CooT
CooT

Reputation: 51

Fortran minimization of a function with additional arguments

In fortran I have an external optimization routine that takes as an input the function f(x) and the starting point and returns the value for local minimum. For example if the function is called minimum:

minimum(f,x0,xopt)

The problem is that the function I need to minimize depends on some additional arguments that are not part of the minimization routine: f(x,data).

How can I overcome this issue. In matlab I would use anonymous function

g=@(x) f(x,data)

minimum(g, x0, xopt)

However as I understant in fortran 90 there are no anonymous function.

Thanks.

Upvotes: 5

Views: 1499

Answers (2)

You don't need anonymous functions for this. Your Matlab example is also not anonymous in the end, it has a name g.

Fortran internal functions are of great use here (Fortran 2008 feature, but supported in gfortran and ifort, not supported in Solaris Studio):

call minimum(g, x0, xopt)

contains

  real function g(x)
    real, intent(in) :: x
    g = f(x,data)
  end function

end

Upvotes: 7

TroyHaskin
TroyHaskin

Reputation: 8401

You have the right idea from MATLAB in that you can create another function that returns f's value while encapsulating data. Two options come to mind.
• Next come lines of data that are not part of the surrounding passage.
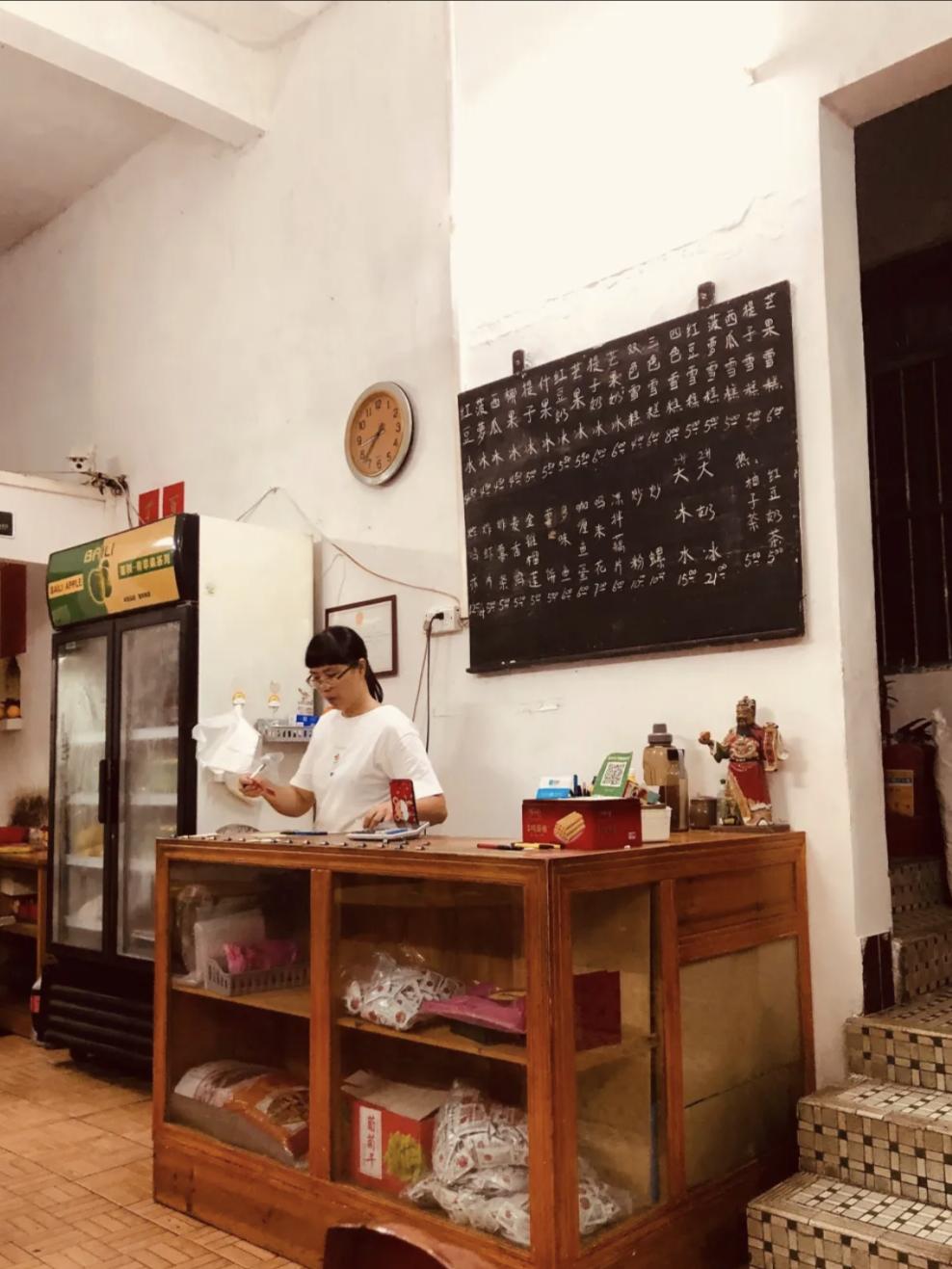 最新型病毒揭秘与小巷深处的神秘小店探秘之旅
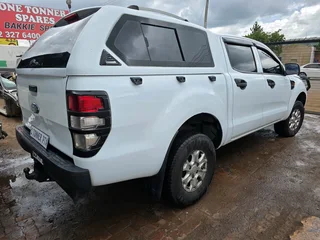 T7 Ford Ranger 2.2td 4x4 breaking for spares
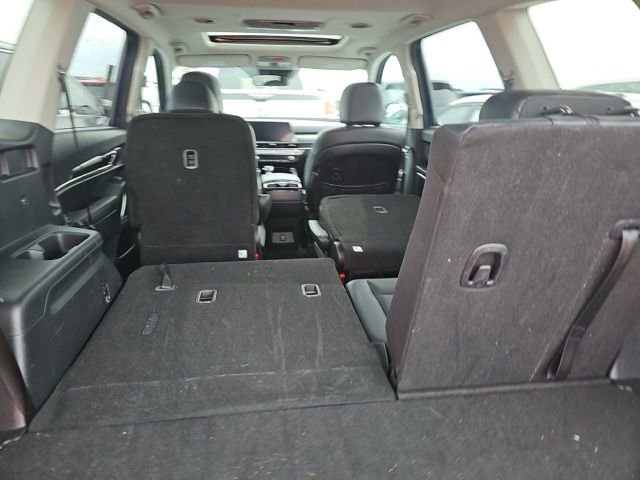 Used 2025 Kia Telluride S image 18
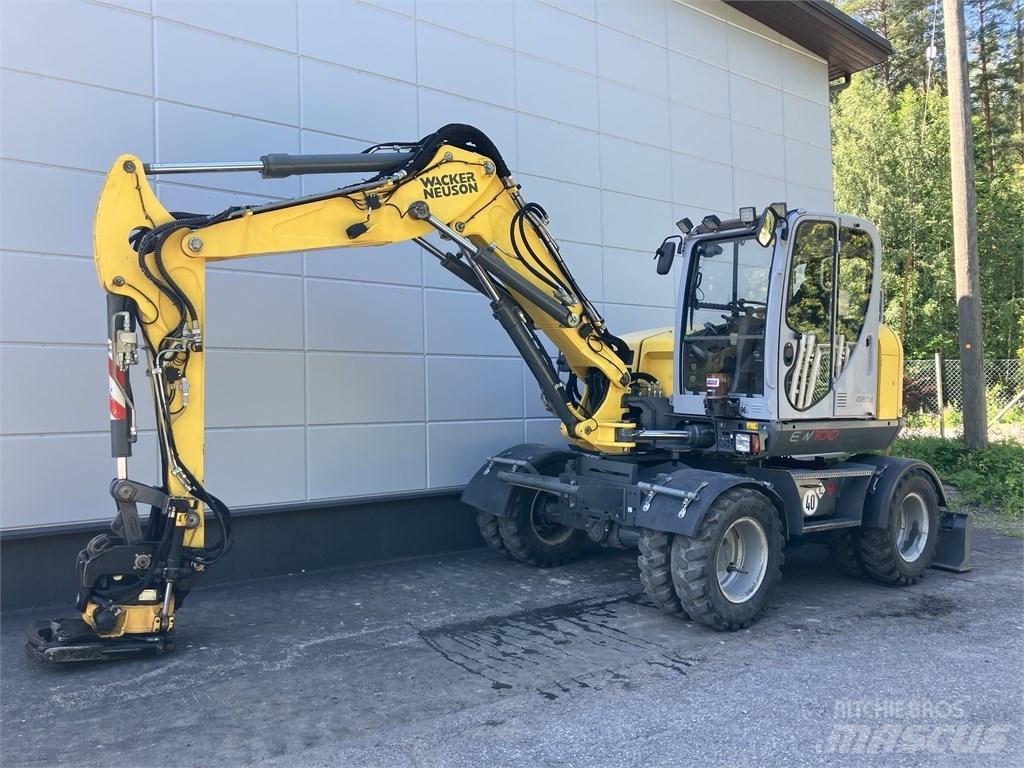 Wacker Neuson EW 100 Pyöräkaivukoneet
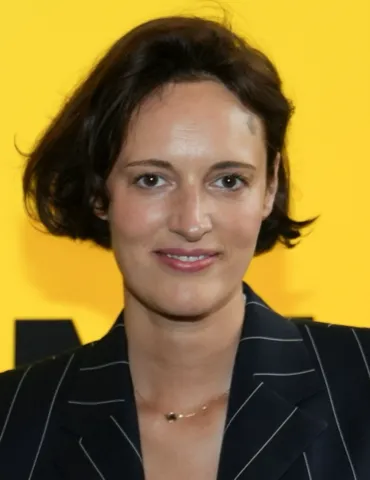 Phoebe Waller-Bridge, typed as True Winter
If data is fixed at compile-time, you can wrap f in a module that uses it:

Module Foo
    type(blah) :: data = ...
    Contains
        Real Function f(x)
          ! data is visible here.
        End Function f
End Module Foo

If data is more dynamic through user-input or calculation, you can define a function that returns data and call it from within f:

Real Function f(x)
  ...
  Type(blah), Save :: data
  Logical, Save :: data_not_loaded = .True.
  If data_not_loaded Then
    data = load_data(...)
    data_not_loaded = .False.
  End If
  ...
End Function f

Instead of a load_data() function, you could also make a registry-like subroutine to first set the value of data earlier in the program and then retrieve data from within f. However, the logic in f won't change that much.

There might also be a method using procedure pointers, but I've never used that feature in Fortran, so I may be wrong.